COVID-19 - Tourisme : Entretien de M. Jean-Baptiste Lemoyne sur "Public Sénat"

Entretien du secrétaire d’État auprès du ministre de l’Europe et des affaires étrangères, Paris, le 12 mai 2020.

Q - Bonjour, Jean-Baptiste Lemoyne.

R - Bonjour.

Q - Merci beaucoup d’être avec nous. Vous êtes secrétaire d’Etat auprès du ministre de l’Europe et des affaires étrangères, on va commencer par cette décision du Conseil constitutionnel qui a donc validé la prolongation de l’état d’urgence sanitaire, à l’exception, quand même, de certaines mesures liées au traçage des malades, deux censures partielles, notamment, pour limiter le nombre de personnes ayant accès aux données et permettre le contrôle d’un juge dans certains cas. Que pensez-vous de cette discussion du Conseil constitutionnel ?

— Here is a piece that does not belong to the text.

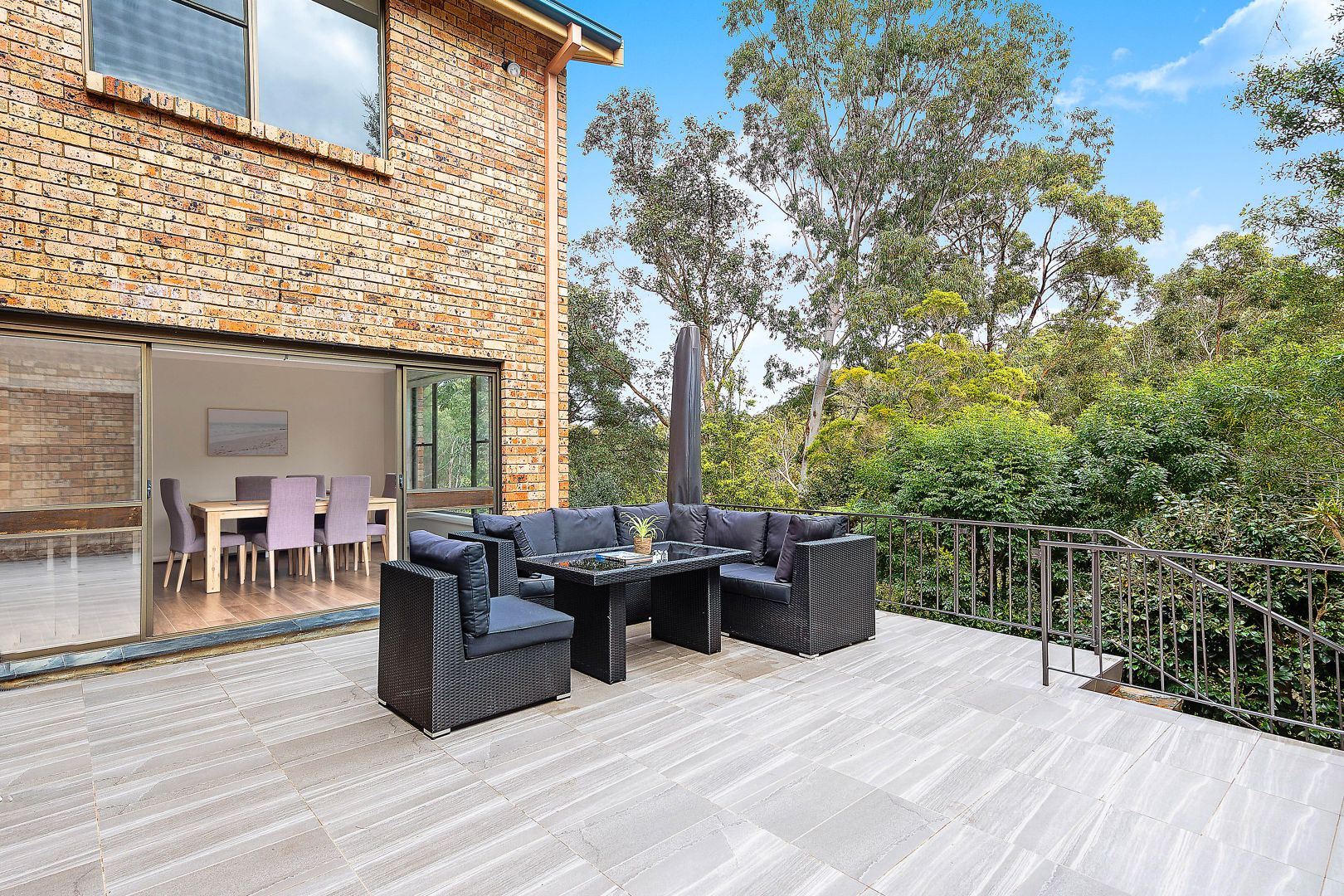 6 Valley View Close, Roseville NSW 2069, Image 1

R - Nous saluons cette décision. Elle va permettre, justement, de mettre en oeuvre par décrets un certain nombre de dispositions, la règle des cent kilomètres pour le déplacement des Français notamment. Cela proroge l’état d’urgence, cela montre que tout ceci se fait en étant respectueux de nos libertés fondamentales.

Q - Il y a ce déconfinement qui a commencé progressivement hier, mais il y a encore des questions qui se posent, notamment dans le portefeuille dont vous avez la charge. Est-ce que tous les Français qui sont actuellement encore à l’étranger peuvent revenir sur le territoire national sans condition ?

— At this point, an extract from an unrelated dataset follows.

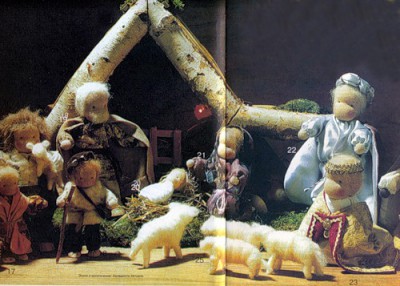 Подготовка к Рождеству Христову - 0_2e6a3_c40859a6_L.jpg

R - Le principe est que tous ressortissants français peuvent revenir sur sol national. Cela à a parfois été rendu difficile parce que certains pays ont fermés leurs frontières, parfois avec un très court préavis, ou même sans préavis, et donc, depuis le mois de mars, avec Jean-Yves Le Drian, nous avons été mobilisés pour organiser une sorte de pont aérien : 185 000 de nos compatriotes sont revenus depuis la mi-mars ; encore des vols sont arrivés depuis l’Amérique centrale, depuis le Honduras, notamment, et nous poursuivons. Il y a, je dois le dire, encore quelques centaines, voire quelques milliers de Français, parfois binationaux, qui étaient partis au Maroc ou en Algérie et qui s’y trouvent encore. Nous avons doublé les cadences avec Air France mais le travail continue.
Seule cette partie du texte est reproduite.